Exercise material:
_ _ _ _
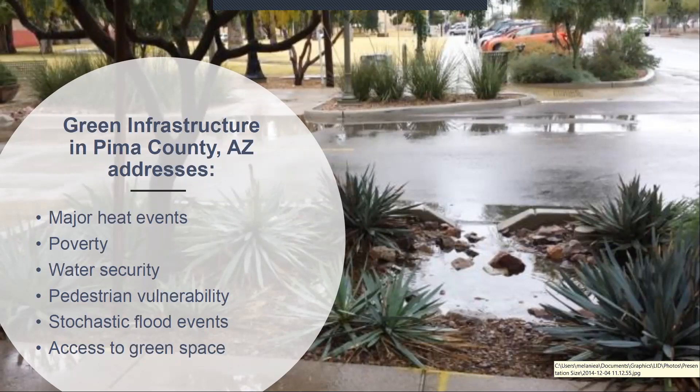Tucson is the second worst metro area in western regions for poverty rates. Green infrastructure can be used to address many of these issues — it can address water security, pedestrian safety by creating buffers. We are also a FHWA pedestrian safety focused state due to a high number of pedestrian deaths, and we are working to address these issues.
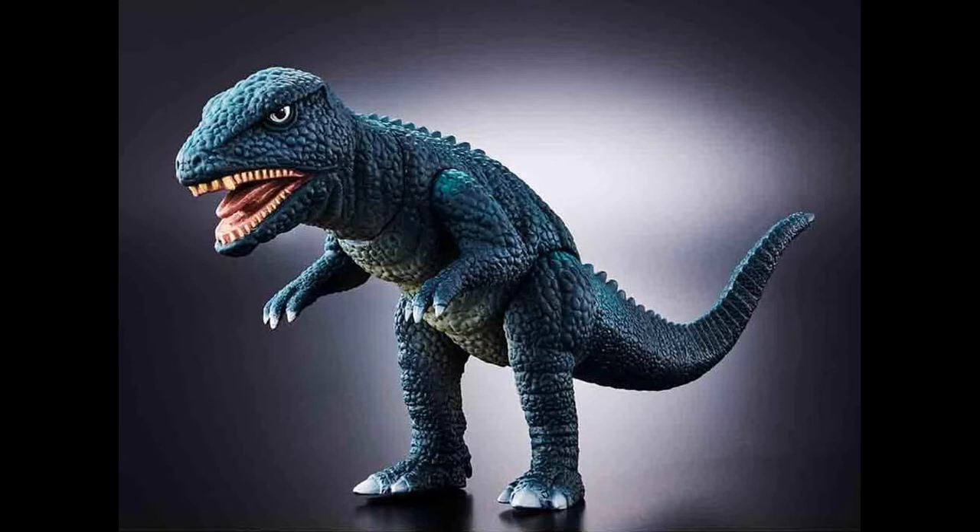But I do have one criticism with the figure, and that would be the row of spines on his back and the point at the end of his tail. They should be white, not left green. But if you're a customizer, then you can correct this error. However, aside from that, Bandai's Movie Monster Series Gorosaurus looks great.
_ _ _ _
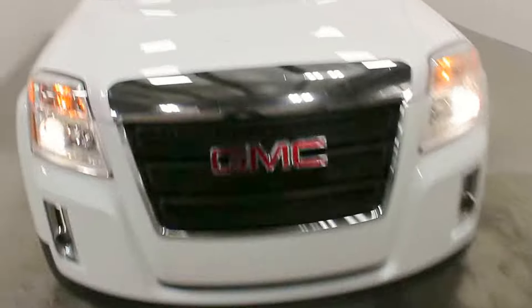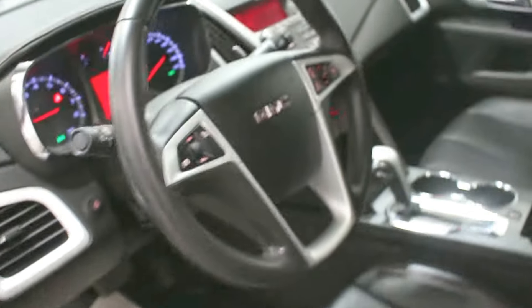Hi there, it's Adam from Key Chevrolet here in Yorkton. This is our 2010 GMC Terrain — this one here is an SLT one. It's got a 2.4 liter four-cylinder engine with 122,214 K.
_ _ _ _
Leaving every picture aside, reproduce exactly the lines above from the one with "Tucson is the" up to and including the one with "But I do have", and no others.

Response:
Tucson is the second worst metro area in western regions for poverty rates. Green infrastructure can be used to address many of these issues — it can address water security, pedestrian safety by creating buffers. We are also a FHWA pedestrian safety focused state due to a high number of pedestrian deaths, and we are working to address these issues.
But I do have one criticism with the figure, and that would be the row of spines on his back and the point at the end of his tail. They should be white, not left green. But if you're a customizer, then you can correct this error. However, aside from that, Bandai's Movie Monster Series Gorosaurus looks great.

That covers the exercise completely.